### Material for this task

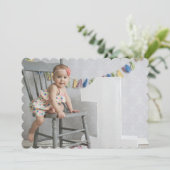 Aangepersonaliseerde 'Kijk wie er één draait' verj Kaart (Staand voorkant)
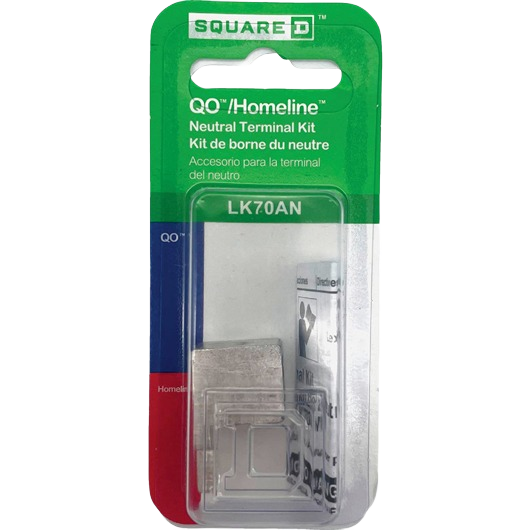 Neutral terminal kit with aluminum lug for electrical panel connections in tools and home improvement projects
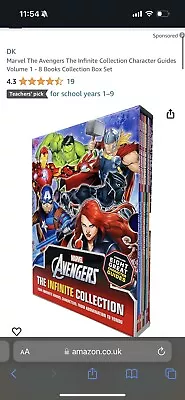 Buy Marvel Avengers The Infinite Collection, 8 Book Collection New Sealed  • 10£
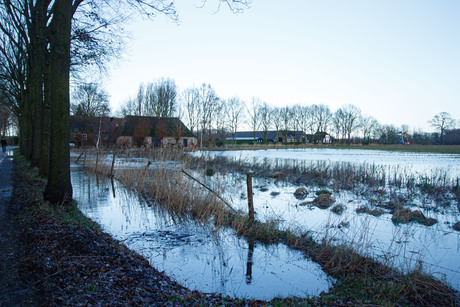 onderwater gelopen landerijen.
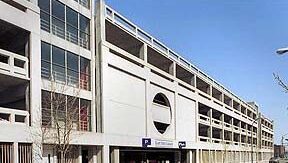 East End Garage entrance.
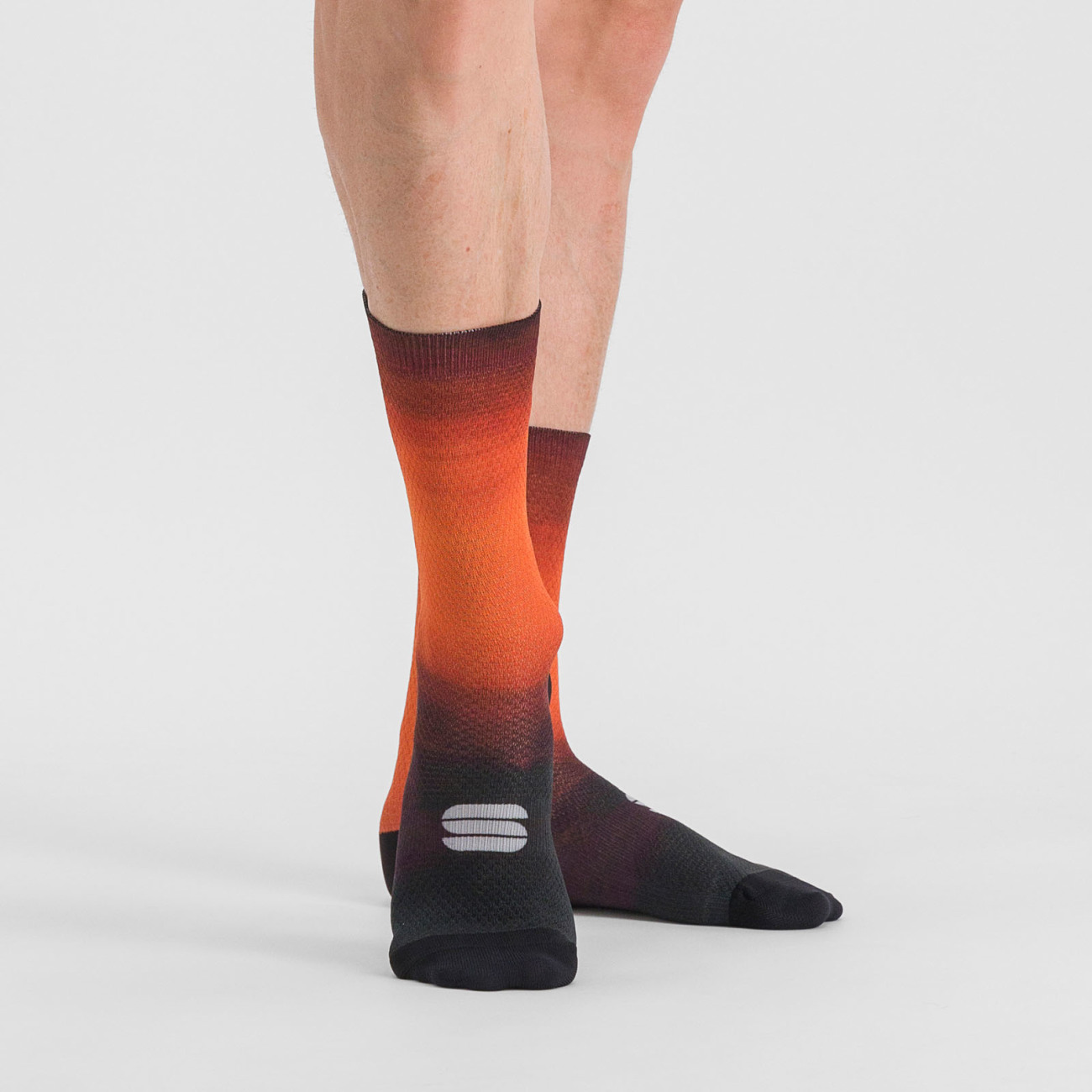 
                SPORTFUL Cyklistické ponožky klasické - SUPERGIARA - oranžová/černá S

### Description of the task
Please retype exactly the lines from the line containing "onderwater gelopen landerijen." through the final line of the records above, inclusive, leaving out any pictures.

### Response for this exercise
 onderwater gelopen landerijen.
 East End Garage entrance.
                SPORTFUL Cyklistické ponožky klasické - SUPERGIARA - oranžová/černá S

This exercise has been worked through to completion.